The data that have emerged since publication of the PCPT findings have already begun to influence the thinking of opinion leaders in urology. Dr. Claus Roehrborn, Professor and Chair, Department of Urology, University of Texas Southwestern Medical Center, Dallas, noted that an editorial accompanying the original PCPT report emphasized the increased prevalence of high-grade cancer and concluded that “finasteride does not seem to be attractive for the chemoprevention of prostate cancer” (Scardino PT. N Engl J Med 2003;349(3):297-9). Two years later, the same editorialist came to the following conclusion: “Chemoprevention of prostate cancer is at hand.

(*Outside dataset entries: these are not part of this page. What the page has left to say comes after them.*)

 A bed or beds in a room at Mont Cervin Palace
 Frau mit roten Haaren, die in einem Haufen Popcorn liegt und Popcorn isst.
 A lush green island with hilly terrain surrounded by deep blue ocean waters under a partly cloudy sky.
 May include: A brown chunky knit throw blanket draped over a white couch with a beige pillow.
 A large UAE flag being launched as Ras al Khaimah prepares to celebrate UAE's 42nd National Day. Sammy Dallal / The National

The implications for management are profound... Life-saving radical surgery and therapy for prostate cancer will persist but the need is likely to fall substantially as chemoprevention is established and embraced” (Scardino PT. Nat Clin Pract Urol 2005;2(8):355).

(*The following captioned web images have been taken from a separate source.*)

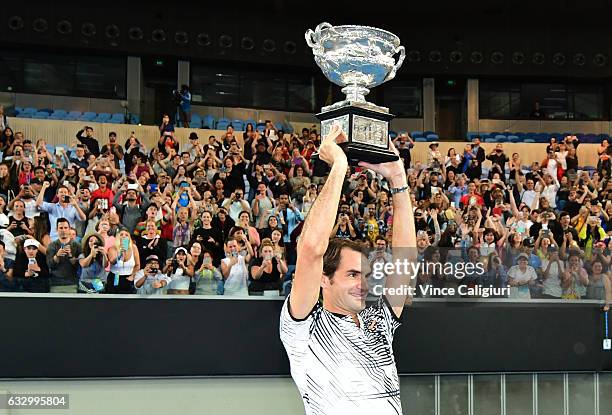 Roger Federer of Switzerland celebrates with fans in Margaret Court Arena as he holds the Norman Brookes Challenge Cup after winning the Men's Final...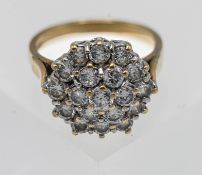 A 9ct gold CZ set cluster ring, size P.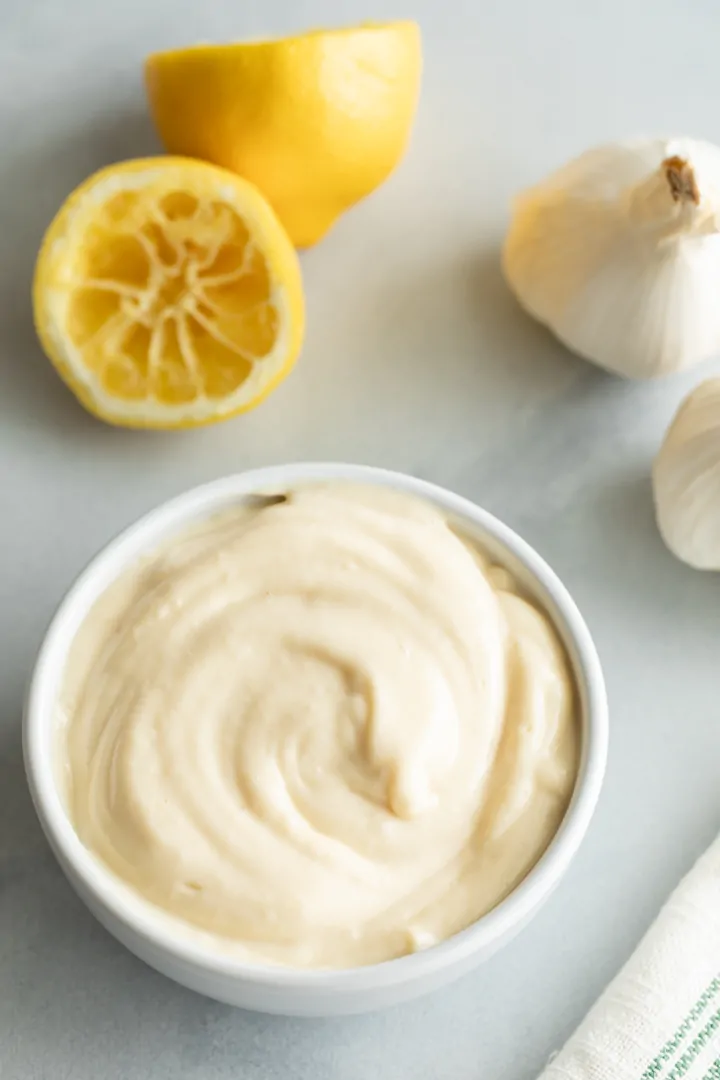 overhead of roasted garlic aioli in a white bowl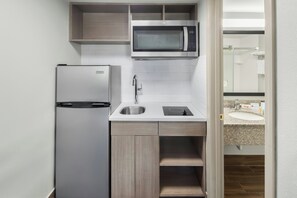 A compact kitchenette with a refrigerator, microwave, sink, and wooden cabinets. - Red Roof Inn & Suites Marysville (Marysville)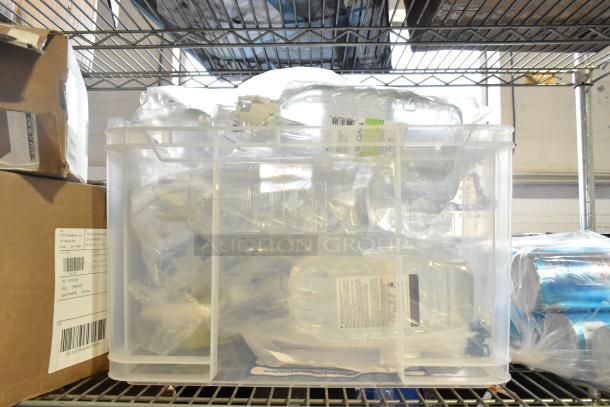 Two-tier plastic bin with Diversey floor and neutral cleaners, Gojo foam handwash, and Ajax cleaner; visible labels detail contents.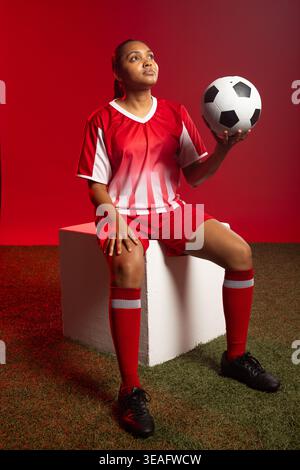 Fußballspielerin in rot-weiß-Uniform, die auf weißem Block auf dem Rasen sitzt und den Ball hält, der nach oben blickt Stockfoto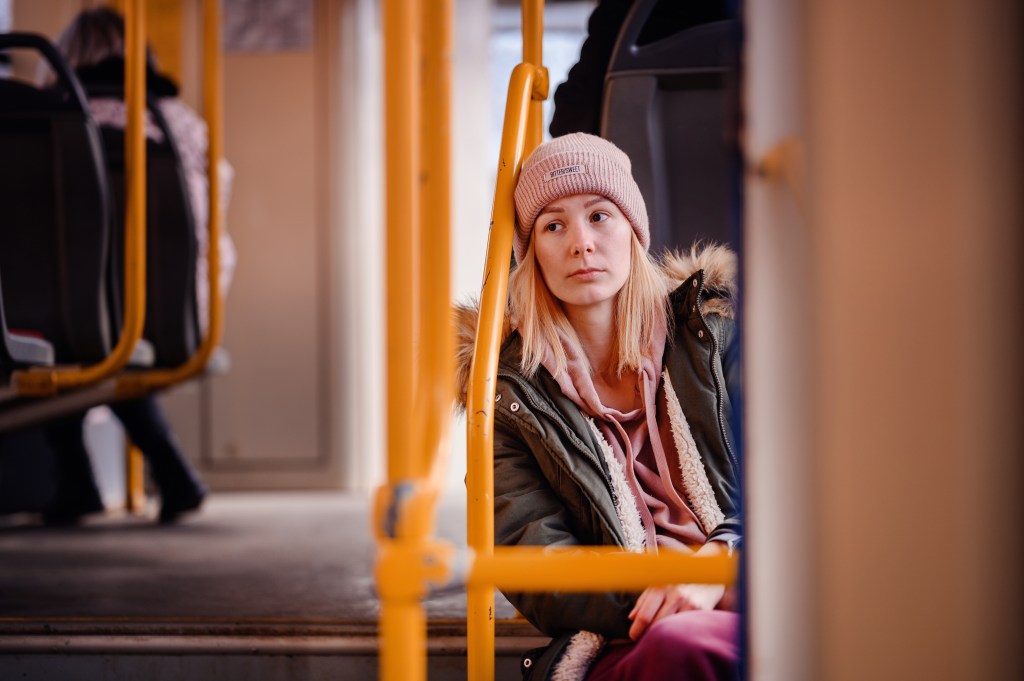 Loneliness quotes: Young woman sitting in a bus feeling lonely among people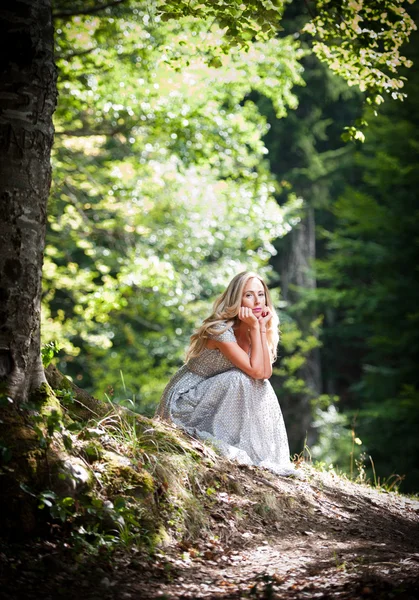 可爱的年轻女士穿着雅致的白色连衣裙，享受光束天体在魔法森林里的她脸上。与白色裙子的漂亮金发仙女。在树林中的迷人公主 — 图库照片
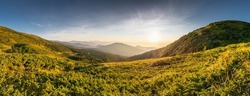 Sunrise at the top of Carpathian mountains, awesome nature landscape in the morning. Outdoor activity. Top of the mountains, lush lower parts.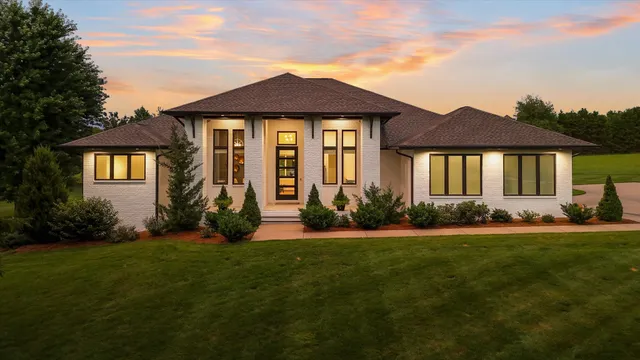 a front view of a house with a garden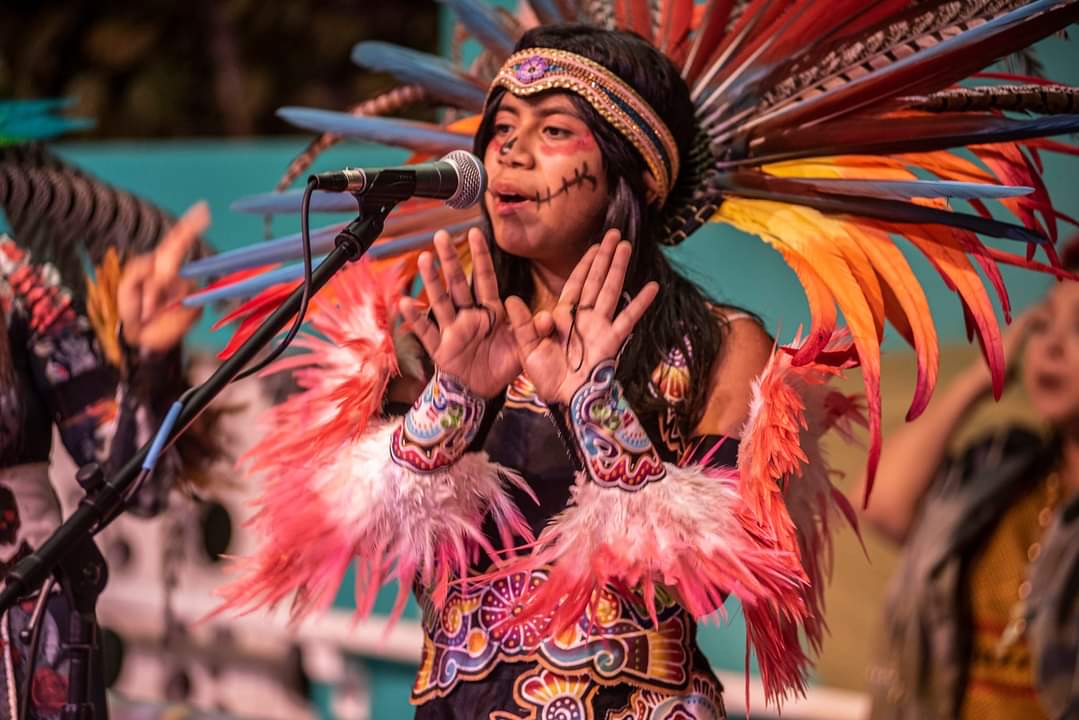 Person at microphone 2024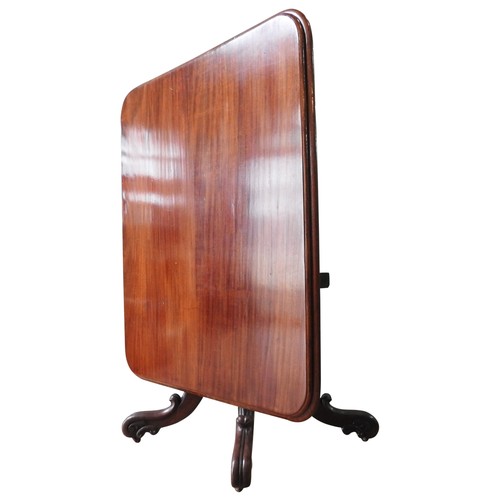 5 - A 19TH CENTURY MAHOGANY TILT-TOP BREAKFAST TABLE, a moulded oblong top on a turned pedestal base wit... 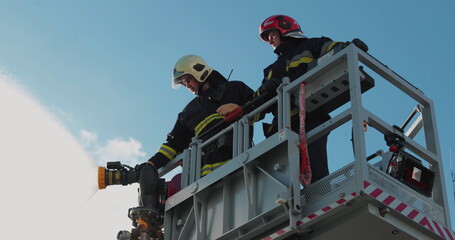 Firefighters stand in a special lifting cradle and put out a fire with a fire hose. The footage shows hard work in extreme conditions. Ideal for themes about rescue operations.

An ongoing clinical trial aims to determine the impact of 5-alpha reductase inhibition therapy on prostate cancer in men at high risk for the disease. In contrast to the PCPT patient population, the REDUCE (Reduction by Dutasteride of Prostate Cancer Events) trial involves men who are deemed at risk for prostate cancer because of a need for prostate biopsy determined by clinical evaluation (elevated PSA value or abnormal digital rectal exam). Although clinical implications of the REDUCE trial are still a few years away, “Five-alpha reductase inhibitors provide a promising new option for the chemoprevention of prostate cancer,” Dr. Roehrborn concluded.

Renaissance in Benign Prostatic Hyperplasia Management

Advances in the management of BPH have included recognition of new factors involved in disease progression, clarification of the roles of various options for medical treatment (including combination therapy) and examination of relationships among BPH, lower urinary tract symptoms (LUTS) and male sexual dysfunction.

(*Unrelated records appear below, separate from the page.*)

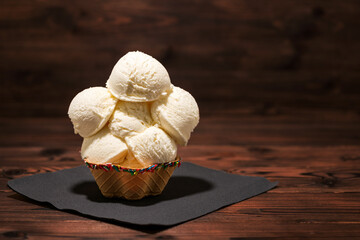 vanilla flavor scoops of ice cream in waffle cup on wooden background, dark style
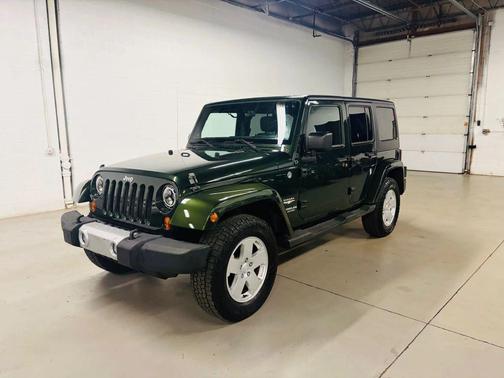 Green 2011 Jeep Wrangler Unlimited Sahara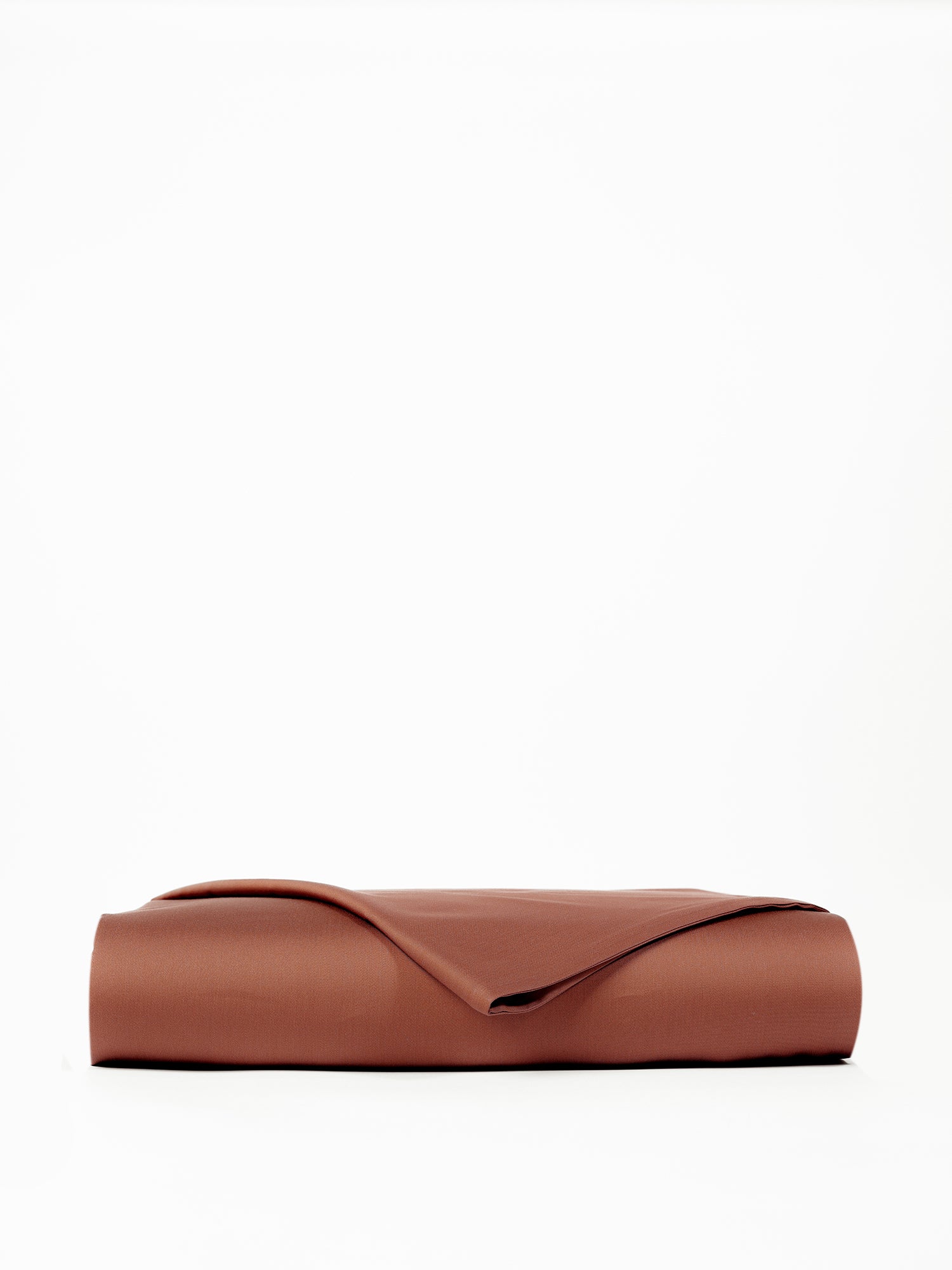 A neatly folded, rust-colored Bamboo Flat Sheet from Cozy Earth lies flat against a white background. The smooth fabric has a soft, cozy appearance, and one corner of the sheet is slightly lifted, revealing a glimpse of the inner side. |Color:Terra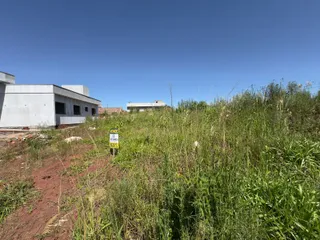 Vista externa de uma construção em Lajeado, Brasil, com vegetação alta no primeiro plano.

The MTOPS (Medical Therapy of Prostatic Symptoms) trial provided some of the first evidence that inflammation plays a role in BPH progression, according to Dr. Steven Kaplan, Chief, Institute for Bladder and Prostate Health, Weill Medical College, Cornell University, New York. A recent analysis of MTOPS data showed that evidence of chronic inflammation was significantly associated (P=0.003) with progression to acute urinary retention and with a trend toward overall progression (Roehrborn et al. AUA 2005 Annual Meeting, Abstract 1277).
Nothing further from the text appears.